▶ [What to produce]
Using the listing below, set down each line from the line containing "Сотрудники ФСБ задержали" through the line containing "Residential zum Verkauf in Sariego", both ends included, exactly and with nothing added.

▶ [Source material]
=======

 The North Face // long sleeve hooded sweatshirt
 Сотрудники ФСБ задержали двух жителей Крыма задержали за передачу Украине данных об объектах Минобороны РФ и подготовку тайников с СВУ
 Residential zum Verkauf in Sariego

=======

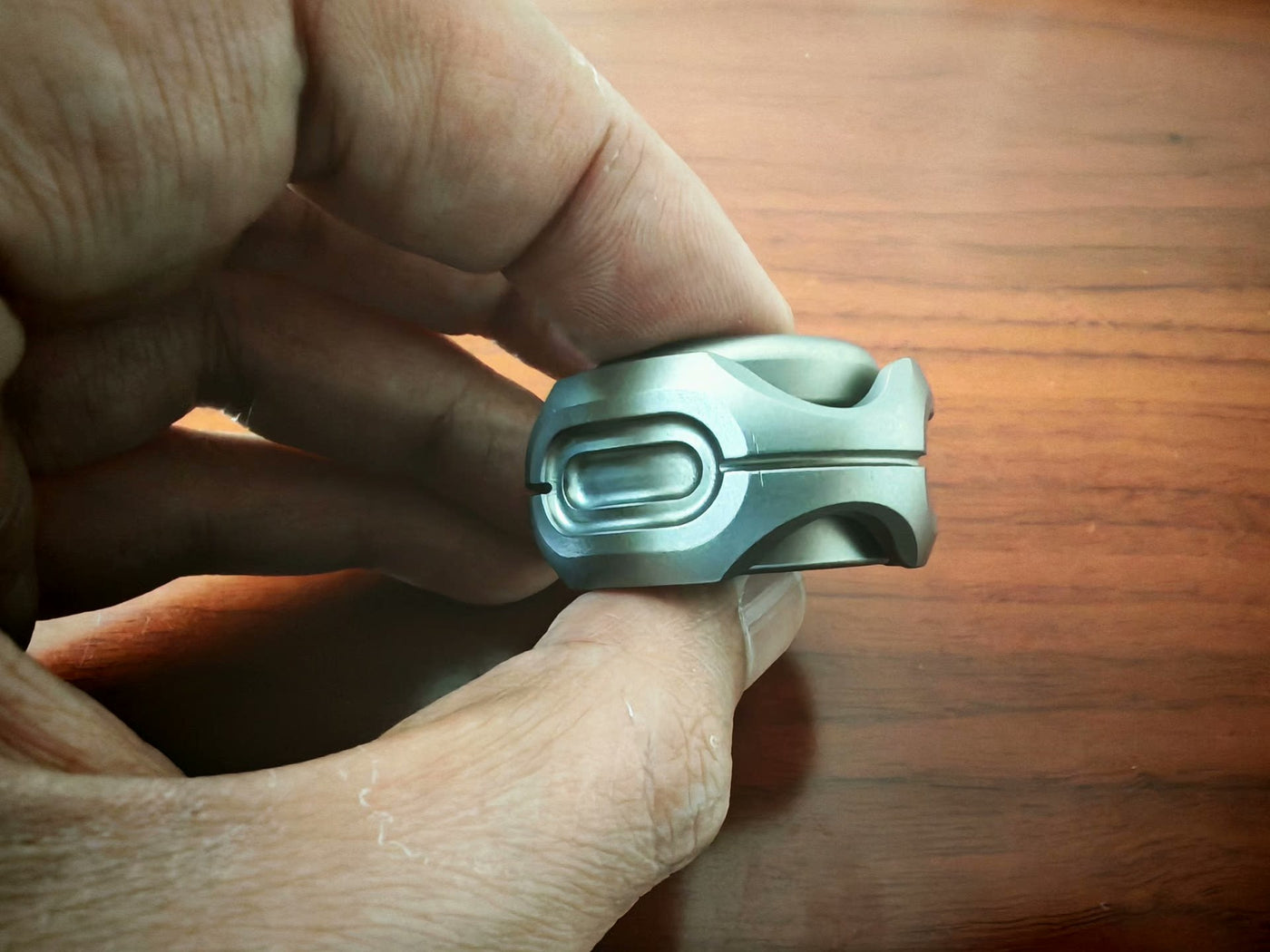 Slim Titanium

=======

▶ [Task response]
 Сотрудники ФСБ задержали двух жителей Крыма задержали за передачу Украине данных об объектах Минобороны РФ и подготовку тайников с СВУ
 Residential zum Verkauf in Sariego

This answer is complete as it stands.